# Task item:
Pictures stay out of the copy. Retype exactly, and only, the lines from the one containing "1610 Suntree Drive, West Fargo, ND 58078" through the end of the listing below.
BEGIN
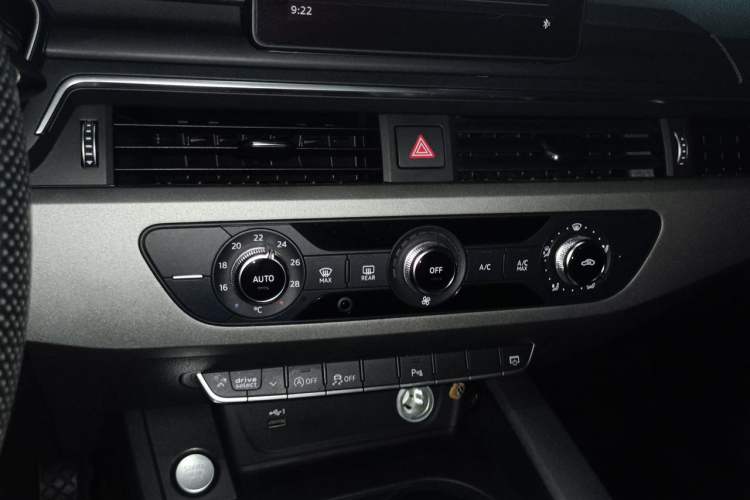 Used Audi A4L 2019 40 TFSI Ambition China VI Audio And AC Panel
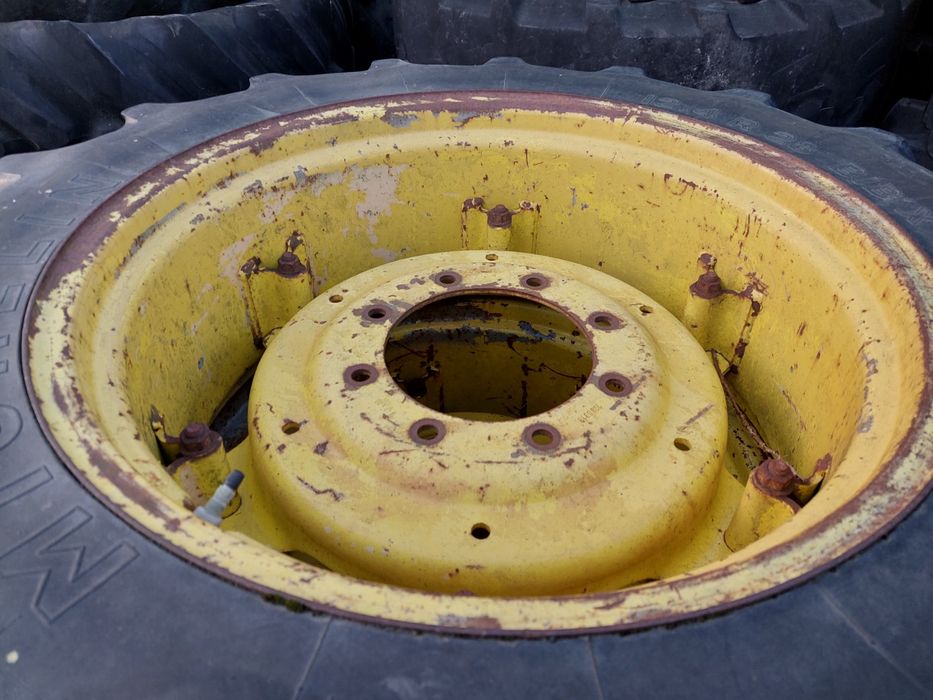 Koła 12.4 R28,  16.9 R38 John deere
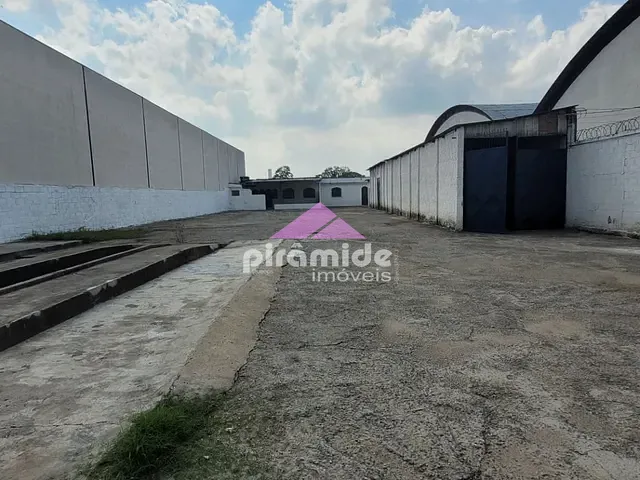 Galpão / Barracão com 1209m², para alugar, no bairro Chácaras Reunidas em São José dos Campos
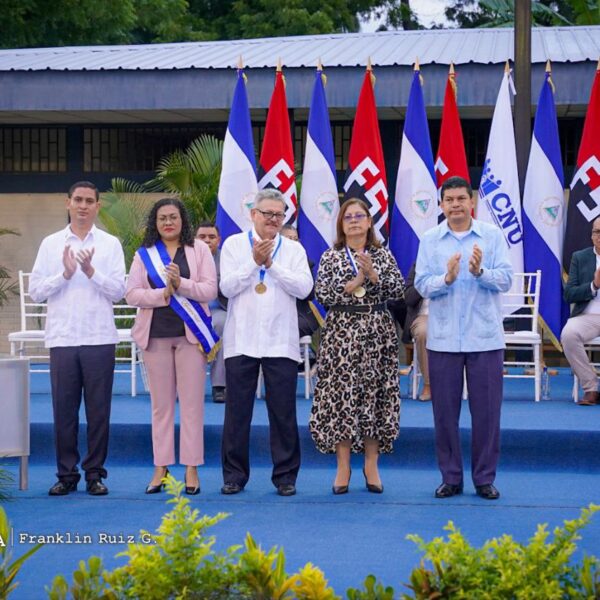 Foto de Toma de posesión de autoridades de la Universidad Casimiro Sotelo
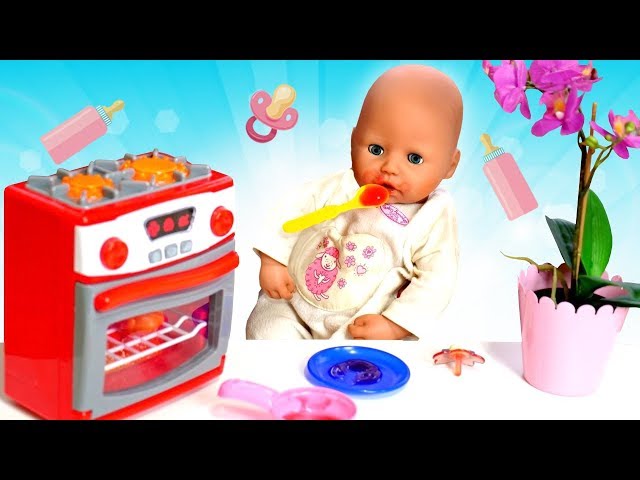 Cooking food for baby born doll: Feeding Baby Annabell class=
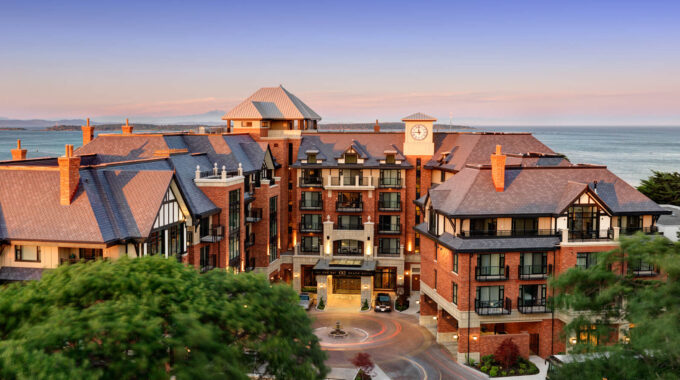 Oak Bay Beach Hotel Recognized with Condé Nast Traveler’s 2025 Reader’s Choice Awards, #1 Hotel in Western Canada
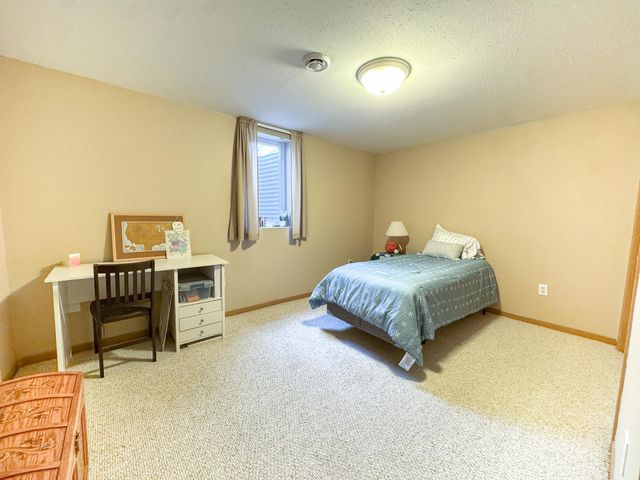 1610 Suntree Drive, West Fargo, ND 58078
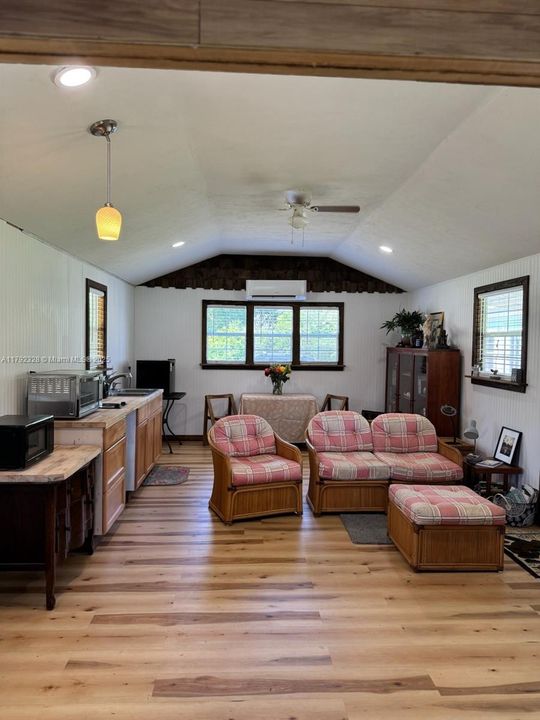 For Sale: $300,000 (1 beds, 1 baths, 448 Square Feet)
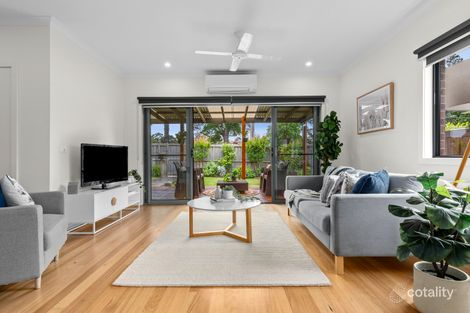 Property photo of 1/247 Roslyn Road Highton VIC 3216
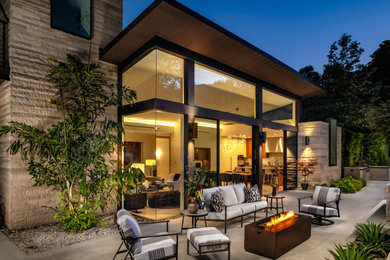 Patio - patio idea in Dallas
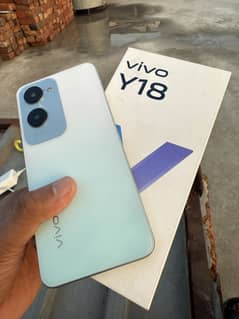 Vivo Y18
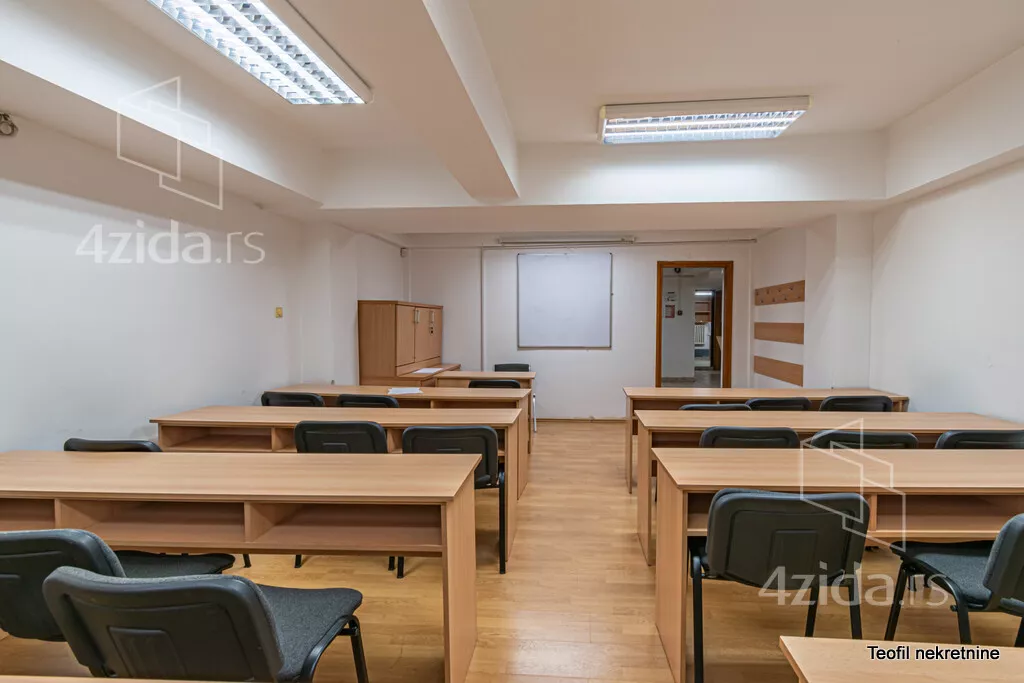 Poslovni prostor | 4zida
END
# Result below:
 1610 Suntree Drive, West Fargo, ND 58078
 For Sale: $300,000 (1 beds, 1 baths, 448 Square Feet)
 Property photo of 1/247 Roslyn Road Highton VIC 3216
 Patio - patio idea in Dallas
 Vivo Y18
 Poslovni prostor | 4zida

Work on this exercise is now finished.